On the 15th of November 1910, Dr. James Herrick made the first official description in published literature of sickle cell disease. The cardiologist had a young patient, Walter Clement Noel, from the Caribbean island of Grenada with the disease under his care. He displayed symptoms of what we now refer to as acute chest syndrome, a common complication of sickle cell disease.
The blood film of the patient clearly shows the characteristic shape of haemoglobin, that is the distinctive feature of homozygous sickle cell disease. This was well before the introduction of haemoglobin electrophoresis, the test currently used to diagnose the disease, but there is widely accepted that the patient suffered from SCD.
Shortly after, a female patient aged 25 years was described with symptoms of sickle cell disease. She had been in medical care for some years but had previously been diagnosed with a form of pernicious anemia with unusual characteristics.
Similarly to the first case, the patient had a blood film that clearly demonstrated the form of sickle haemoglobin cells.
The third recorded case was a 21-year-old female that once again showed the blood film that was indicative of sickle cell disease.
The blood film of the father was also examined, which made this case particularly notable. It was noted that while there were no abnormalities evident in the fresh blood sample, some abnormal cells were evident after a few days. This became the first crude test of sickle cell disease and was the first time the disease as an inherited condition had been suggested.
A 21-year-old male patient was the fourth case of sickle cell disease in published literature, and the first case that used the terminology of “sickle cell anaemia.”

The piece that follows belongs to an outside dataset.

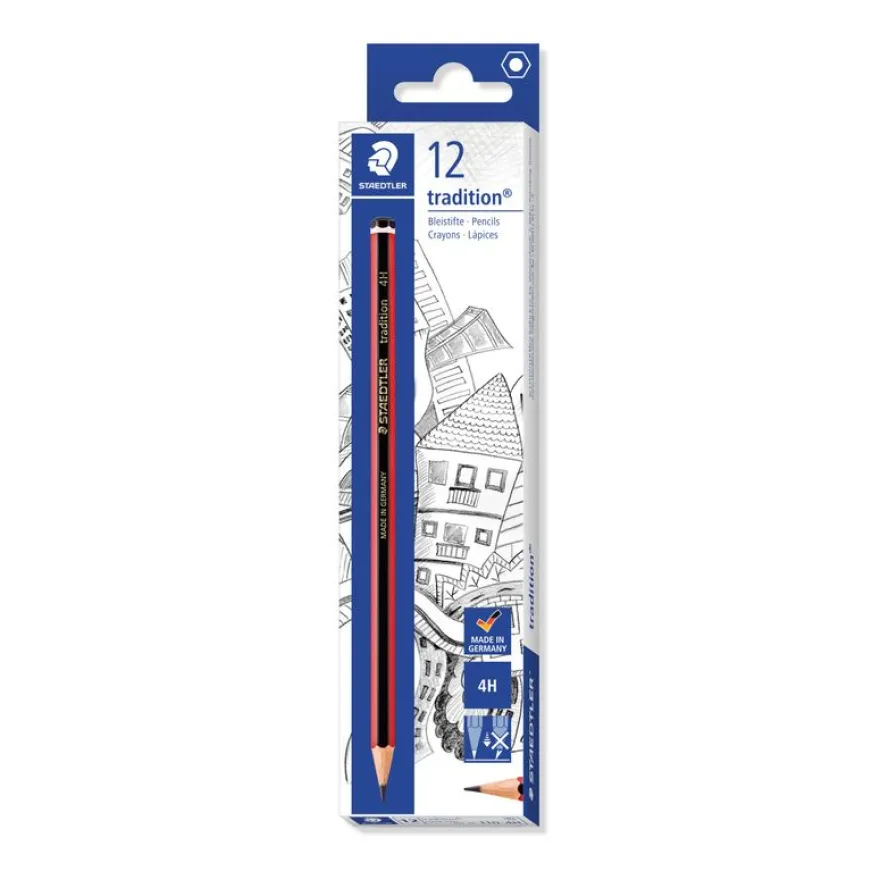 STAEDTLER Tradition - Crayon à papier - 4H - 2 mm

This paper by Verne Mason noted a common link between the first four recorded cases of the disease: origins in Africa. This led to a common belief in the following years that the disease was limited to this population group, although this was not found to be sound logic. Other populations are also affected by sickle cell disease, including those from the Arabian Gulf, central India, Mediterranean area in northern Greece and southern Italy and eastern Turkey.
In this period of time, there were more case reports of patients with sickle cell disease, strengthening the medical knowledge of the disease.

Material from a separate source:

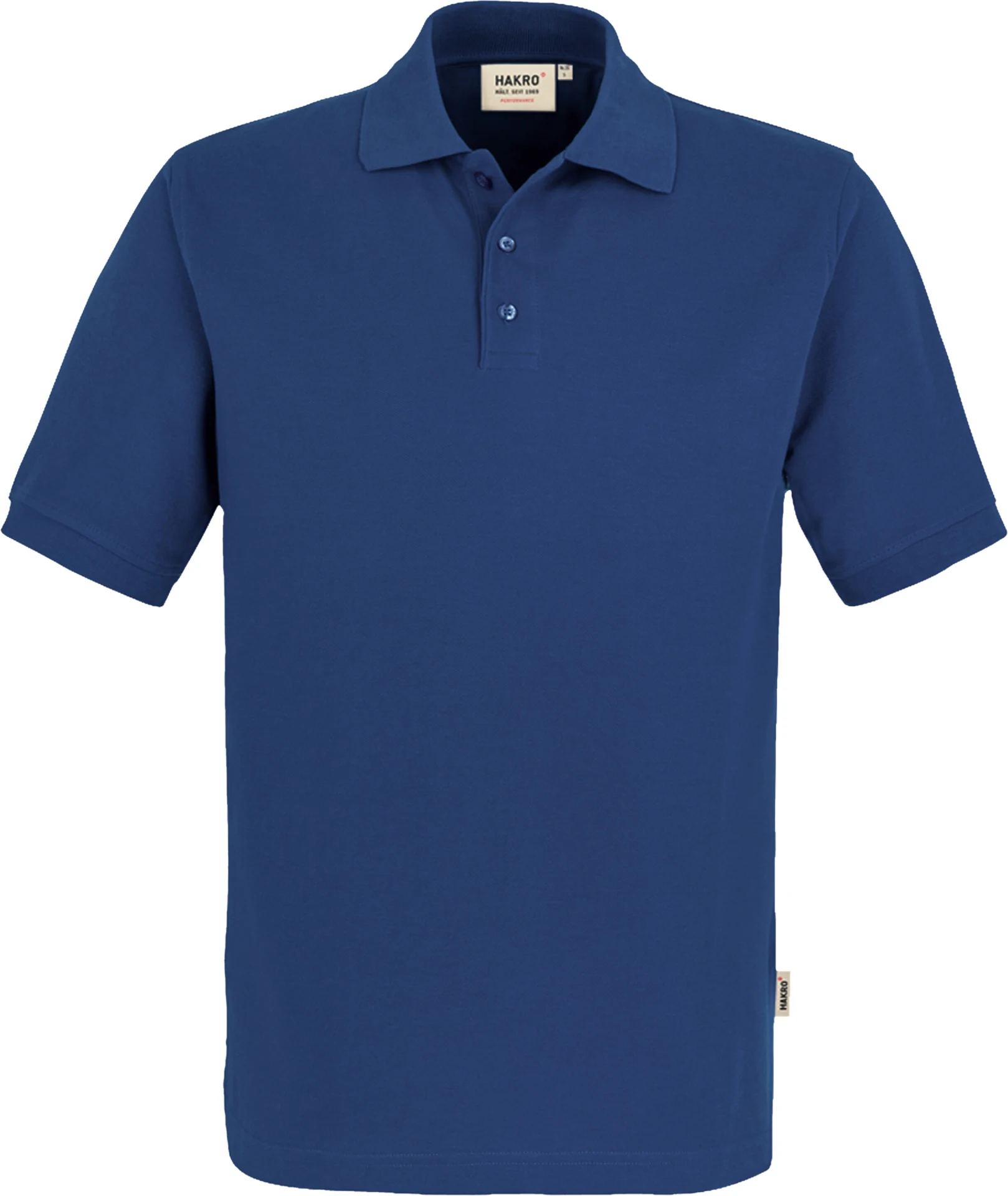 hakro-816-poloshirt-mikralinar-ultramarinblau-front-1 HAKRO Poloshirt 816 Mikralinar®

It was in this time that terminology about the disease developed, including the “active” and “latent” forms of the disease, which was later clarified to be heterozygous and homozygous inheritance.

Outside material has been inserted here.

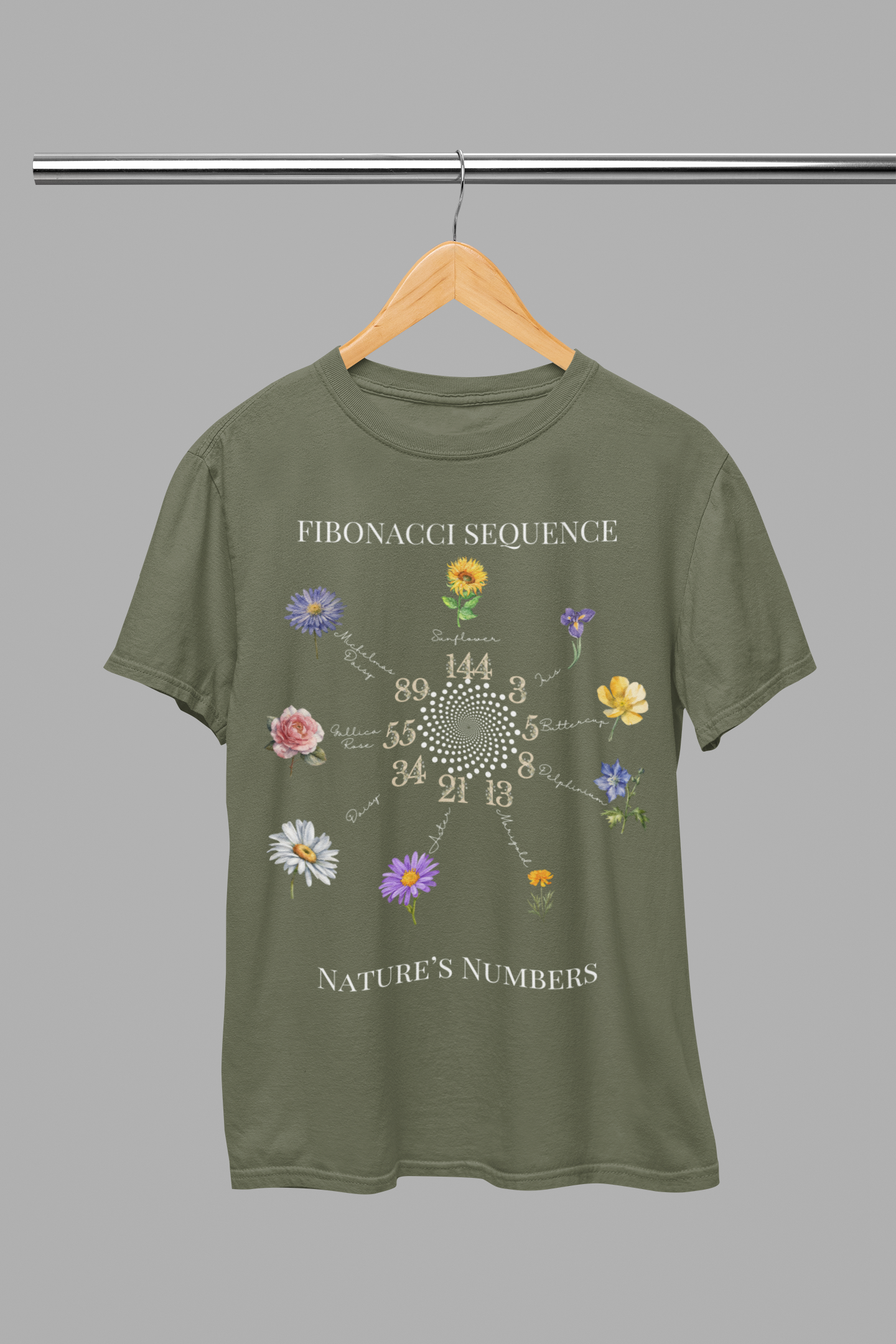 STEM-Inspired Fibonacci Sequence T-Shirt for Kids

At this time, some association between sickle cell trait and increased resistance against falciparum malaria was also observed.
For the first time in 1949, electrophoresis showed that sickle haemoglobin moved at a different rate to normal haemoglobin, suggesting a molecular change in the abnormal cell.
When haemoglobin electrophoresis became widely available in 1954, opportunities to differentiate between different forms of sickle cell disease became possible. This led to sub-classification of the disease, as we refer to them today.
Throughout the 1970s, there were several health organisations that expressed an interest in sickle cell disease and helped to create awareness and raise funding for research. As a result of this research, the life expectancy and quality of life for patients with the disease has improved dramatically.
These advances included:
Research studies concluded that the early life period between six months and one year was most likely to lead to serious events, which could be fatal or severely impact quality of life. This knowledge led to the rise of newborn screening to identify newborns that were at risk, a measure that has proved to be of great benefit.